If you need help with data visualisation for any of these approaches, please refer to the entry on Introduction to statistical figures.

If you are on mobile and/or just want a list of all entries, please refer to the Statistics overview page.

**Start here with your data! This is your first question.**

**How do I know?**

- What does the data show? Does the data logically suggest dependencies - a causal relation - between the variables? Have a look at the entry on Causality to learn more about causal relations and dependencies.

## Contents

# Univariate statistics

**You are dealing with Univariate Statistics.** Univariate statistics focuses on the analysis of one dependent variable and can contain multiple independent variables. But what kind of variables do you have?

**How do I know?**

- Check the entry on Data formats to understand the difference between categorical and numeric (including continuous) variables.
- Investigate your data using
`str`

or`summary`

.*integer*and*numeric*data is not*categorical*, while*factorial*,*ordinal*and*character*data is*categorical*.

## At least one categorical variable

**Your dataset does not only contain continuous data.** Does it only consist of categorical data, or of categorical and continuous data?

**How do I know?**

- Investigate your data using
`str`

or`summary`

.*integer*and*numeric*data is not*categorical*, while*factorial*,*ordinal*and*character*data is categorical.

### Only categorical data: Chi Square Test

**You should do a Chi Square Test**.

A Chi Square test can be used to test if one variable influenced the other one, or if they occur independently from each other. The key R command here is: `chisq.test()`

. Check the entry on Chi Square Tests to learn more.

### Categorical and continuous data

**Your dataset consists of continuous and categorical data.** How many levels does your categorical variable have?

**How do I know?**

- A 'factor level' is a category in a categorical variable. For example, when your variable is 'car brands', and you have 'AUDI' and 'TESLA', you have two unique factor levels.
- Investigate your data using 'levels(categoricaldata)' and count the number of levels it returns. How many different categories does your categorical variable have? If your data is not in the 'factor' format, you can either convert it or use 'unique(yourCategoricalData)' to get a similar result.

#### One or two factor levels: t-test

**With one or two factor levels, you should do a t-test.**

A one-sample t-test allows for a comparison of a dataset with a specified value. However, if you have two datasets, you should do a two-sample t-test, which allows for a comparison of two different datasets or samples and tells you if the means of the two datasets differ significantly. The key R command for both types is `t.test()`

. Check the entry on the t-Test to learn more.
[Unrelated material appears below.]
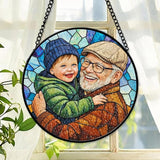 Personalized Grandma Stained Glass Sun Catcher, Custom Photo Window Hanging, Personalized Stained Glass, Gift for Grandma, Grandparents, Christmas, Birthday, Keepsake, Christmas Ornament, P4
**Depending on the variances of your variables, the type of t-test differs.**

**How do I know?**

- Variance in the data is the measure of dispersion: how much the data spreads around the mean? Use an f-Test to check whether the variances of the two datasets are equal. The key R command for an f-test is
`var.test()`

. If the rest returns insignificant results (>0.05), we can assume equal variances. Check the f-Test entry to learn more. - If the variances of your two datasets are equal, you can do a Student's t-test. By default, the function
`t.test()`

in R assumes that variances differ, which would require a Welch t-test. To do a Student t-test instead, set`var.equal = TRUE`

.

#### More than two factor levels: ANOVA

**Your categorical variable has more than two factor levels: you are heading towards an ANOVA.**

**However, you need to answer one more question**: what about the distribution of your dependent variable?

**How do I know?**

- Inspect the data by looking at histograms. The key R command for this is
`hist()`

. Compare your distribution to the Normal Distribution. If the data sample size is big enough and the plots look quite symmetric, we can also assume it's normally distributed. - You can also conduct the Shapiro-Wilk test, which helps you assess whether you have a normal distribution. Use
`shapiro.test(data$column)`

'. If it returns insignificant results (p-value > 0.05), your data is normally distributed.
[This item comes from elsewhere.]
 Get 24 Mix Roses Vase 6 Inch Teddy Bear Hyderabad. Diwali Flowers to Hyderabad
Now, let us have another look at your variables. **Do you have continuous and categorical independent variables?**

**How do I know?**

- Investigate your data using
`str`

or`summary`

.*integer*and*numeric*data is not*categorical*, while*factorial*,*ordinal*and*character*data is categorical.

If your answer is NO, you should stick to the ANOVA - more specifically, to the kind of ANOVA that you saw above (based on regression analysis, or based on a generalised linear model). An ANOVA compares the means of more than two groups by extending the restriction of the t-test. An ANOVA is typically visualised using Boxplots.
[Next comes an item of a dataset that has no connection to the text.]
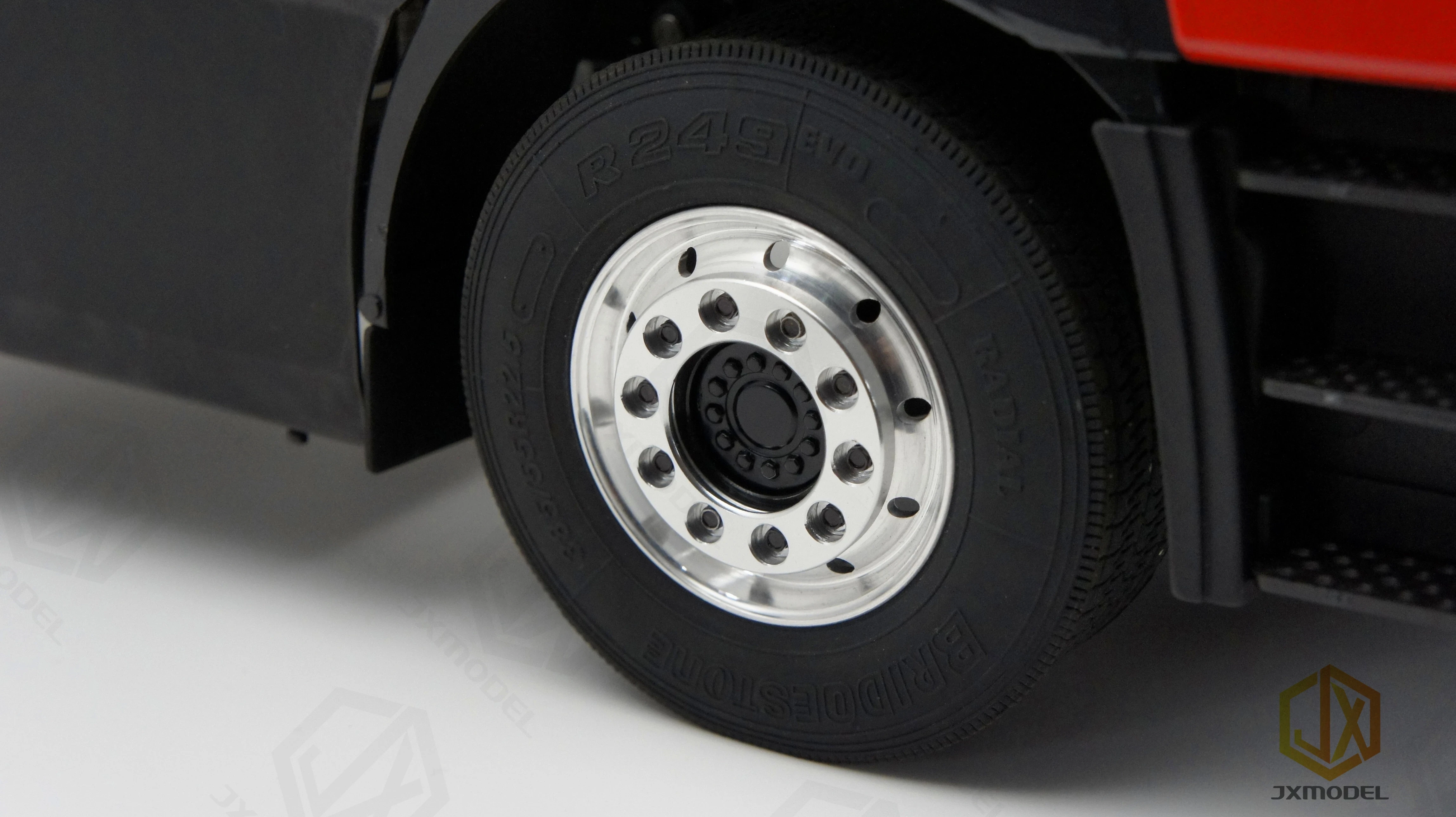2db szimulációs kerékrögzítő frissítés Dekoráció 1/14-hez Tamiya RC teherautó pótkocsi billenőplatós autó a Scania számára MAN LUSE DIY alkatrészek játékok - 1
The key R command is `aov()`

. Check the entry on the ANOVA to learn more.

If your answer is YES, you are heading way below. Click HERE.

## Only continuous variables

So your data is only continuous.

Now, you need to check if there dependencies between the variables.

**How do I know?**

- Consider the data from a theoretical perspective. Is there a clear direction of the dependency? Does one variable cause the other? Check out the entry on Causality.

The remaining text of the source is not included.